Every line from the one containing "Nature's Array: Collection" to the one containing "Rare Editions 🌸Girls" in the records below, both included, must be set down exactly, and no other line.

──────── DATA TO USE

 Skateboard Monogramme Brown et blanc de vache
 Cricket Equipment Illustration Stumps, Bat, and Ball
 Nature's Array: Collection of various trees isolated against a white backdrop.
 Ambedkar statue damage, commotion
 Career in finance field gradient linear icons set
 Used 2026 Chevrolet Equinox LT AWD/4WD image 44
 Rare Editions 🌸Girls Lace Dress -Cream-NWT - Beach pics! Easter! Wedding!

────────────────
──────── DATA TO USE

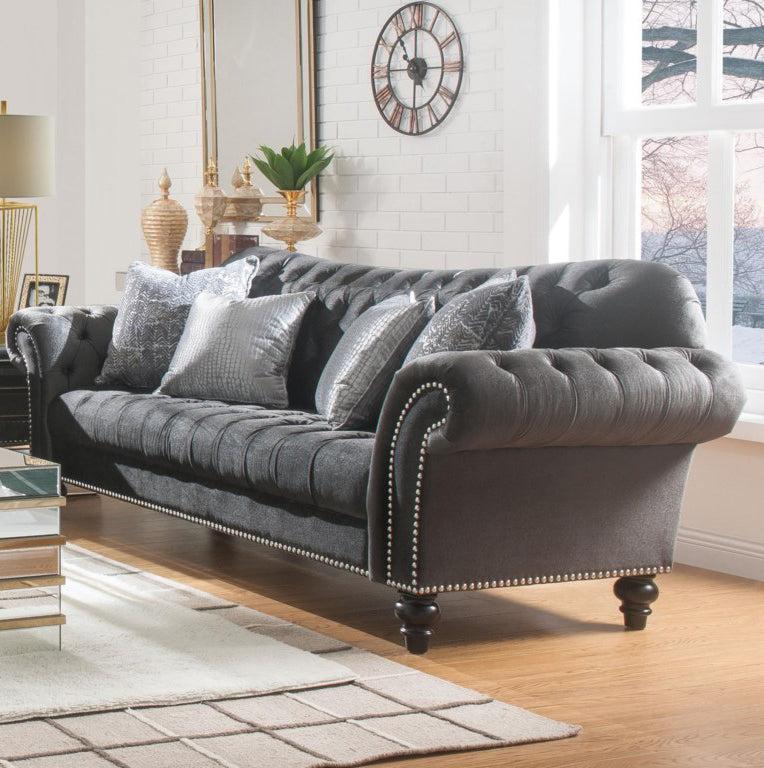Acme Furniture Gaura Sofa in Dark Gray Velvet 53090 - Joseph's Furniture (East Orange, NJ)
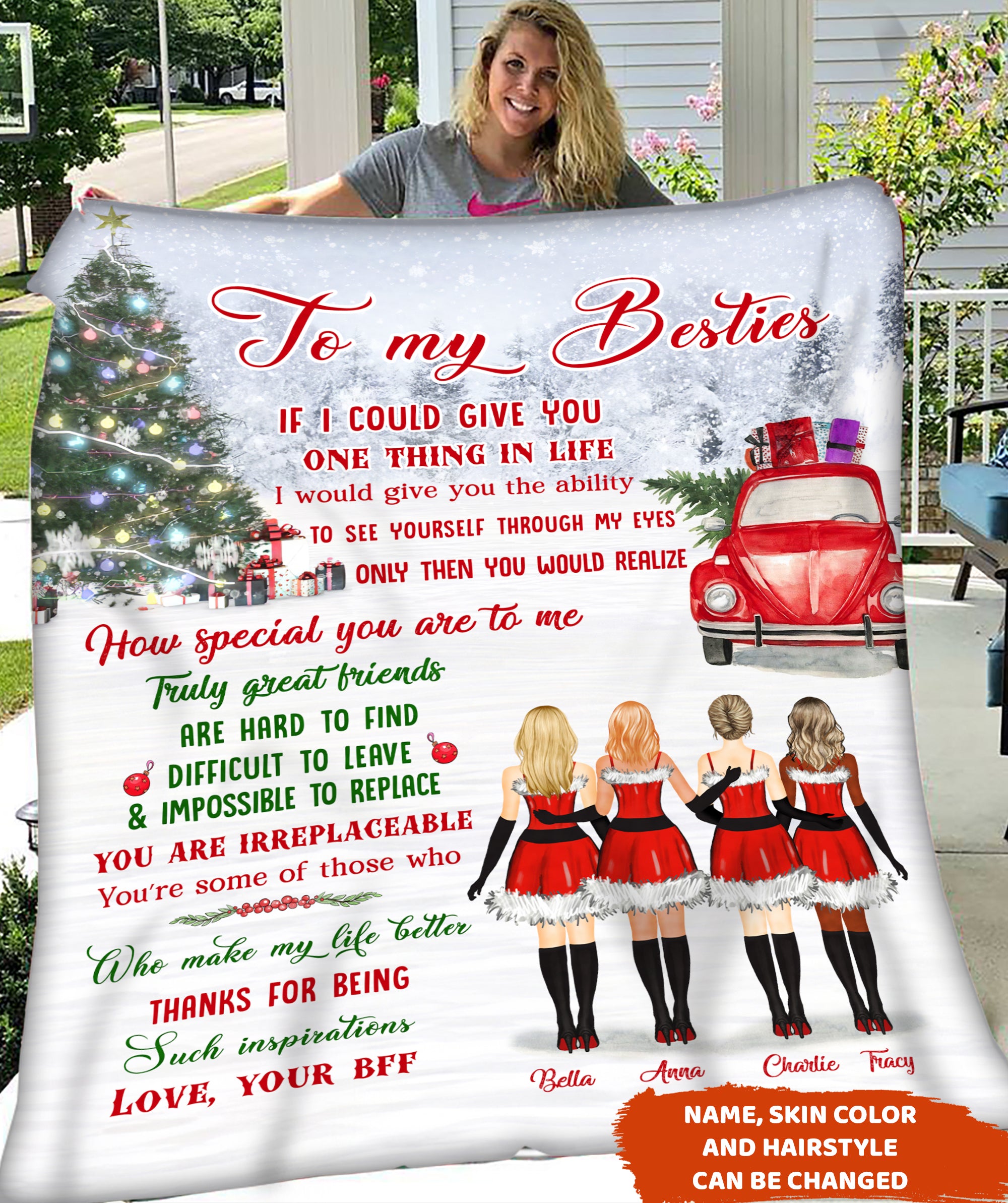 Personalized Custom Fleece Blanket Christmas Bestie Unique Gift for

────────────────

* COMPLETED EXERCISE
 Nature's Array: Collection of various trees isolated against a white backdrop.
 Ambedkar statue damage, commotion
 Career in finance field gradient linear icons set
 Used 2026 Chevrolet Equinox LT AWD/4WD image 44
 Rare Editions 🌸Girls Lace Dress -Cream-NWT - Beach pics! Easter! Wedding!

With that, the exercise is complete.